News & Events

Pharmacist Goes Start-Up with the Help of Vanderbilt’s MMHC Program

Feb 10, 2020
Jerry Buller (MMHC’16) transitioned from Vanderbilt University Medical Center to become the Chief Pharmacy Officer at Trellis Rx

By Katie Bahr

Jerry Buller headshot

Jerry Buller

After working as the Director of Pharmacy for a couple different organizations, Jerry Buller (MMHC’16) started a specialty pharmacy at Vanderbilt University Medical Center in 2011. Newer specialty drugs enable patients to receive treatments such as chemotherapy in the comfort of their own homes but require a high-touch clinical service and infrastructure that can be cost prohibitive for traditional pharmacies.

“That’s where a specialty pharmacy comes in,” Buller said. “Specialty pharmacies started to appear in the 1980s with newer IV therapies and the advent of home infusion. However, in the late 1990s, the development of newer biologic therapies and oral cancer agents propelled this business into a new dimension.”

When he initially joined VUMC, Buller describes his background as a pharmacist who knew a little bit about business. “I knew what a good specialty pharmacy looked like, but building one from scratch is hard,” he said. “We launched our specialty pharmacy with initial success. However, we knew to get to the next level, we needed help.”

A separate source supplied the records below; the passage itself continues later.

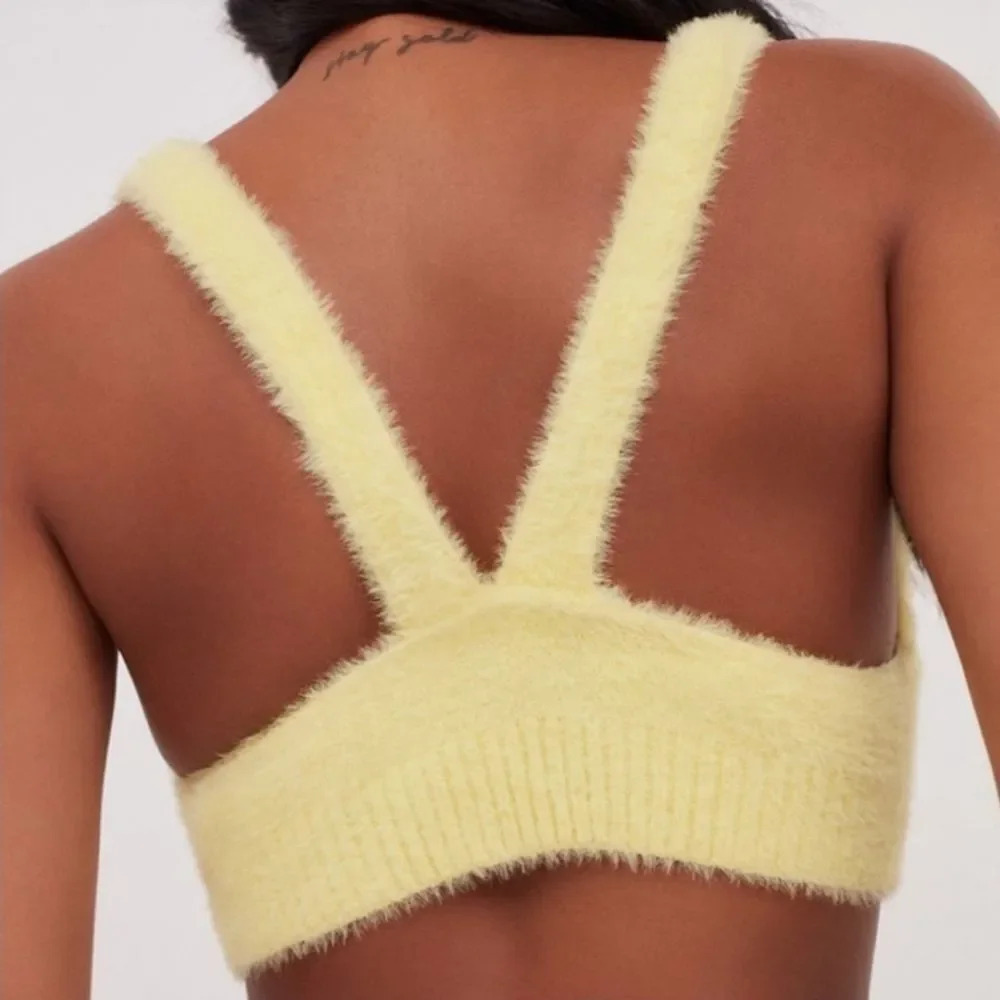 For Love And Lemons Devon Fuzzy Sleeveless Crop Top S Yellow NWT Mohair - Picture 3 of 11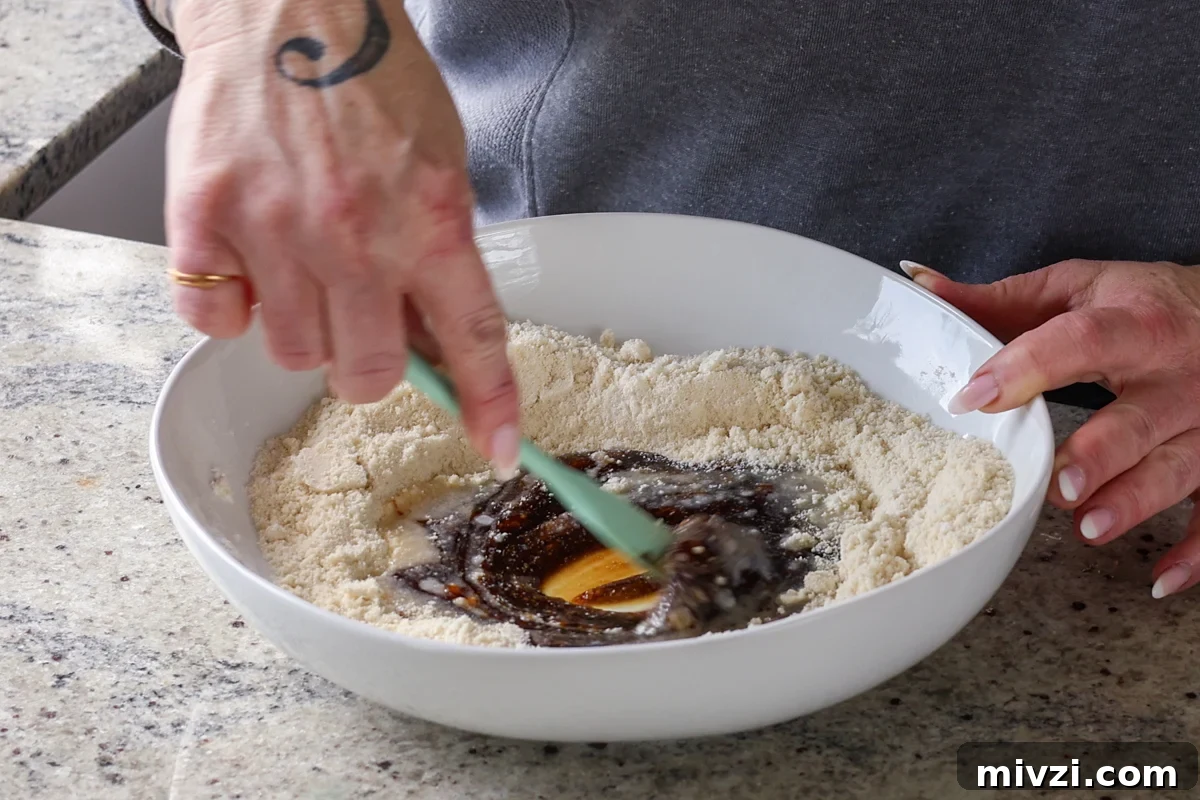 mixing the wet ingredients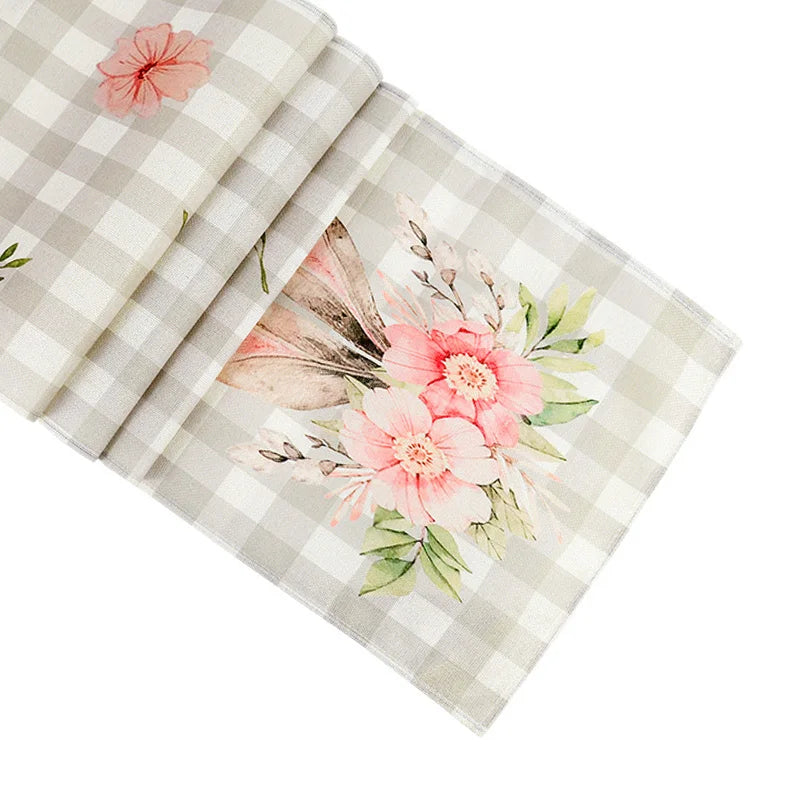 Charming spring holiday bunny dining table runner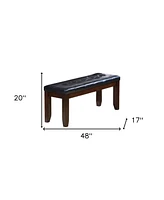 Contemporary Upholstered Faux Leather Bench with Cushion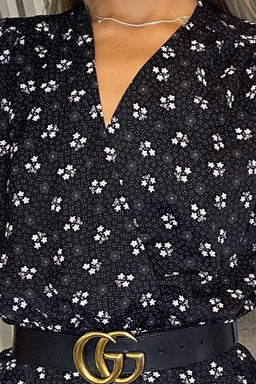 Black Ditsy Floral Wrap Over Jumpsuit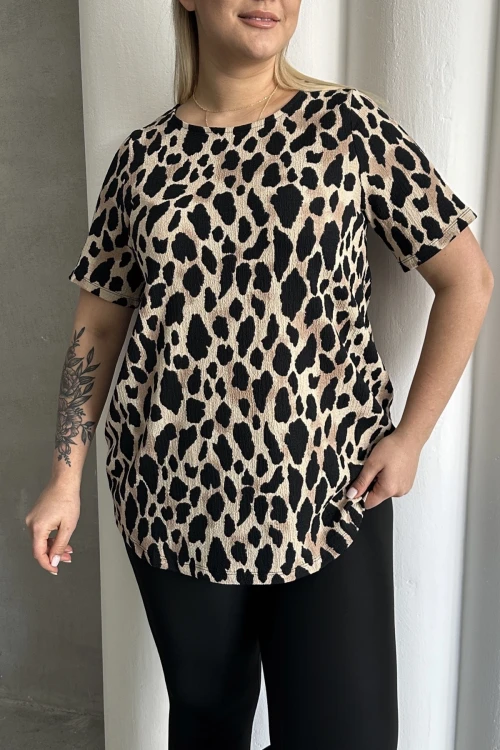 Büyük Beden Kısa Kollu Bisiklet Yaka Leopar Desenli Bluz 616006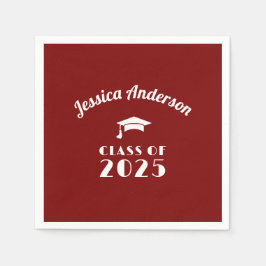 Servilleta De Papel Personalizado Graduación Granate y Blanco 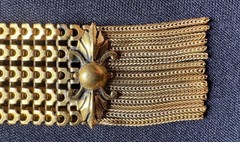 Vintage Viotorian Gold Tone Slide Tassel Bracelet (missing two pearls)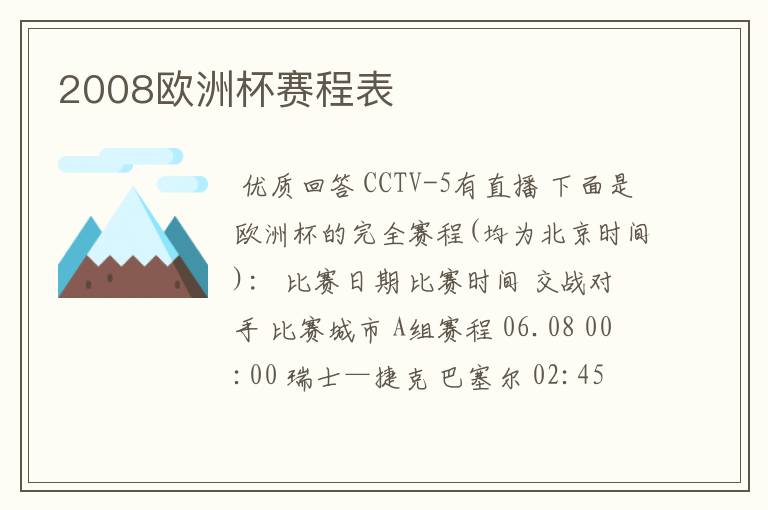 2008欧洲杯赛程表
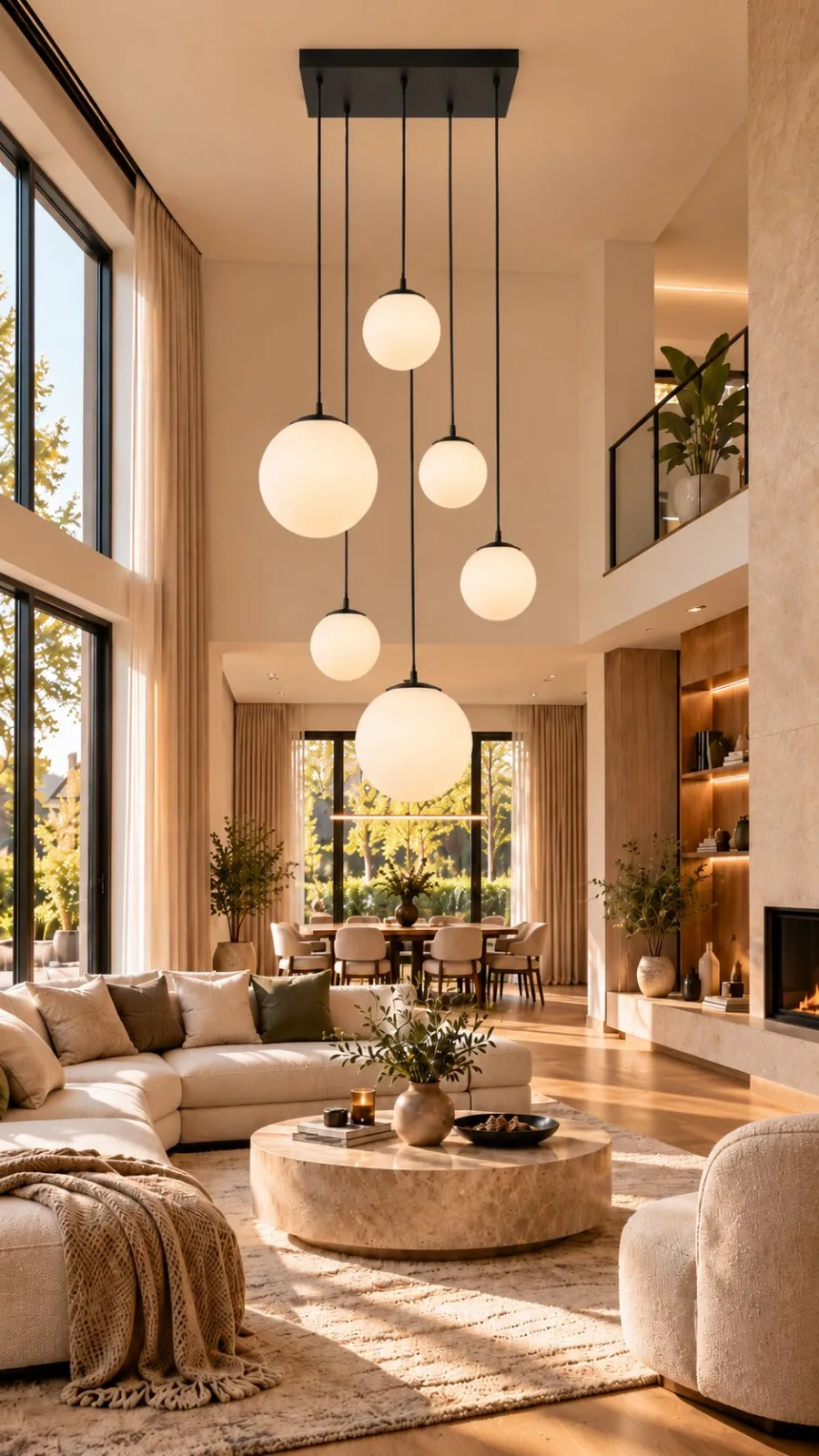 Luksusowy salon z dużą lampą wiszącą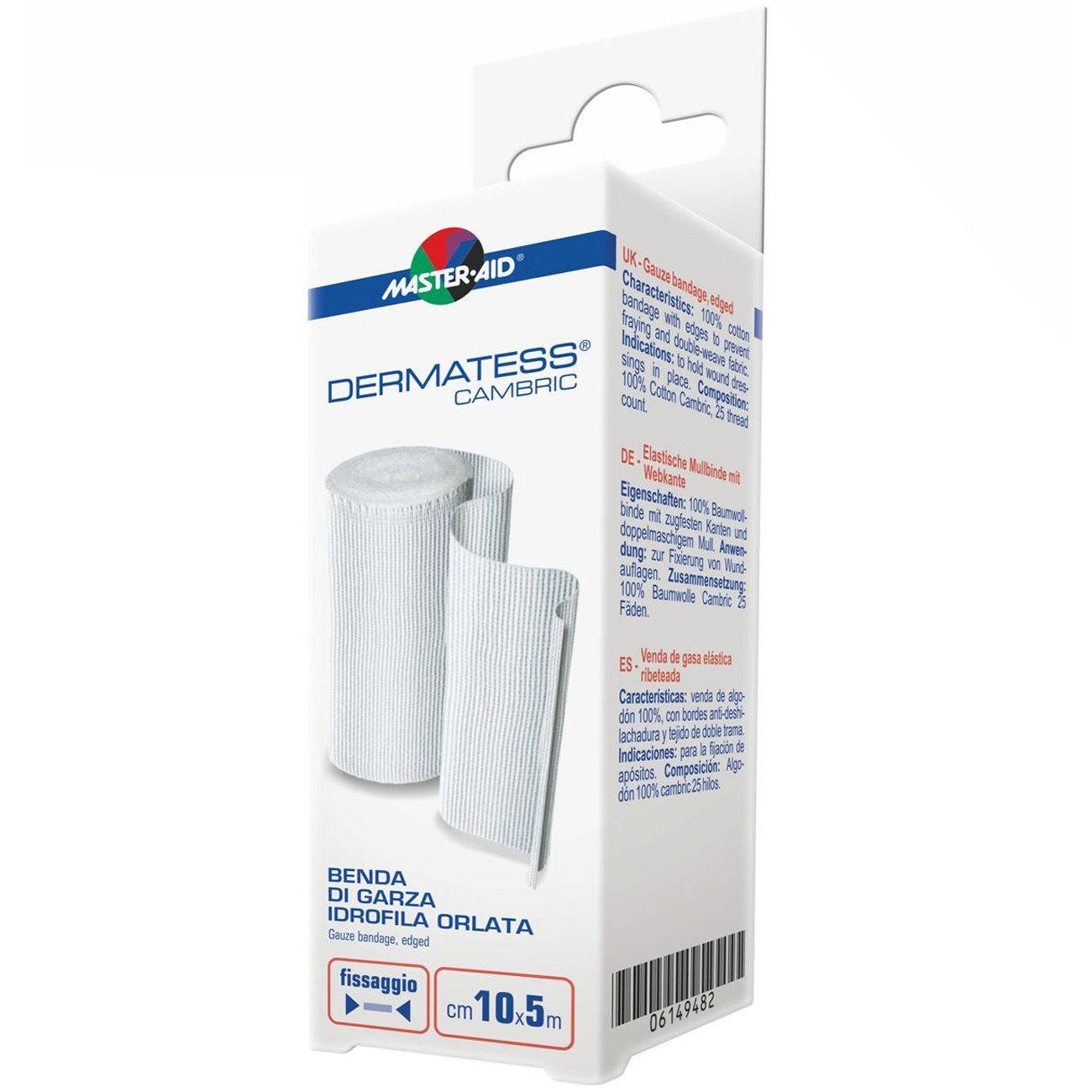 Master Aid Master Aid Dermatess Cambric Edged Gauze Bandage Επίδεσμος με Ειδική Πλέξη για Εύκολη Στερέωση της Γάζας 10cm x 5m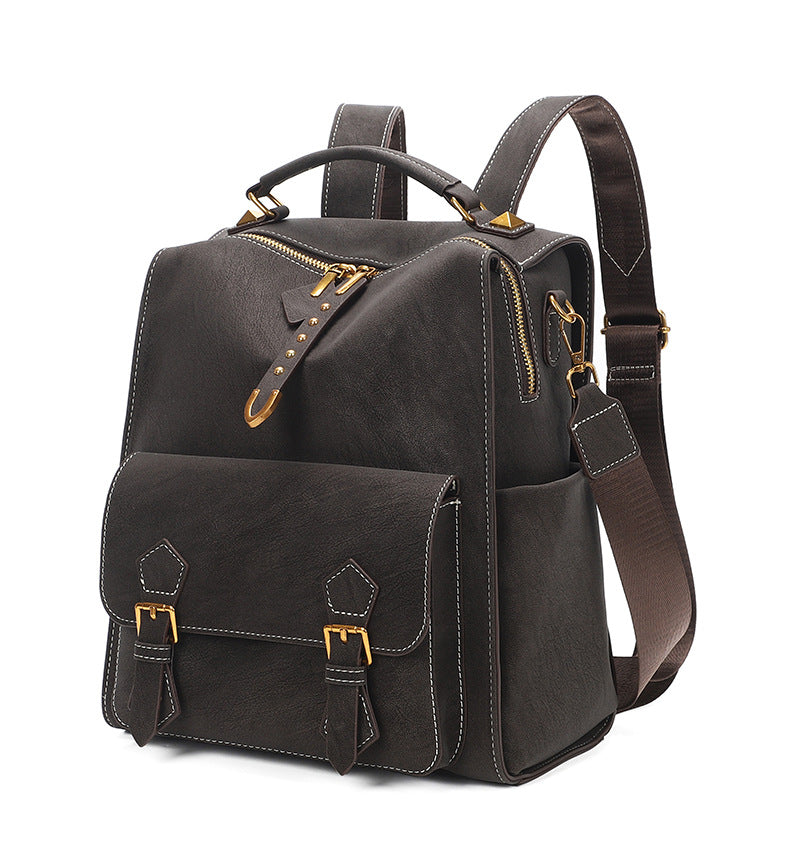 Women's Korean Retro British Style College Simple Fashion Leisure Backpack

At the time, the health system CEO engaged consultants to help the pharmacy with infrastructure and governance. The consultants opened Buller’s eyes to a new mindset of how to build a business. Their expertise, especially their knowledge of operations, inspired Buller to enroll in Vanderbilt’s Master of Management in Health Care (MMHC).

“When I heard about the MMHC, I saw that the course work was pretty much what these guys from the consulting firms had in their back pocket,” he said. “I thought man, these guys are sharp. I really wanted to learn more and approach problems like they did.”

While pursuing his MMHC, Buller took the torch from the consultants and grew Vanderbilt’s specialty pharmacy three-fold after he graduated. For him, the greatest benefit of the program was learning to create efficient operations.

“We had six people working in our call center, the heart of our operations, when I started,” Buller said. “While attending the MMHC program, we combined with an additional specialty pharmacy and were able to reduce the staff required by 33 percent — down to four people — and were realizing even better metrics. The tools I learned in the MMHC were revolutionary to me.”

Having a revolutionary mindset has been pivotal to Buller in a field that is changing the pharmaceutical market. A few years after obtaining his MMHC, he joined the start-up company Trellis Rx, which helps health systems create specialty pharmacies, as the chief pharmacy officer.

“Specialty drugs only make up about 3 percent of what’s prescribed, but by the year 2020, 50 percent of drug pharmaceuticals will be spent on specialty drugs,” Buller says. “Specialty pharmacies are a tremendous opportunity, but it’s hard for hospitals to fund, operationalize, and assume financial risk to develop them.”

Trellis Rx takes on that risk, paying for the employees and infrastructure to get a specialty pharmacy going rapidly in exchange for a small percentage of revenue. The company aims to change the way patients experience specialty pharmacies and expects to have 20 partners by the end of 2020.

Building a business in a growing market was a challenge Buller had been tackling since he began working with specialty pharmacies. But the MMHC coursework helped him to excel in a small, growing company as opposed to an academic medical center.

“It’s a team effort, not a hierarchy, in a start-up,” Buller says. “We have to discuss and collaborate as a team, which is really different from the setting I was used to. I gained a tremendous amount of experience working in teams during the Vanderbilt MMHC. You also have to choose your brand and what you want to be good at. The MMHC taught me how to focus on your market and differentiate, which is so important to a start-up.”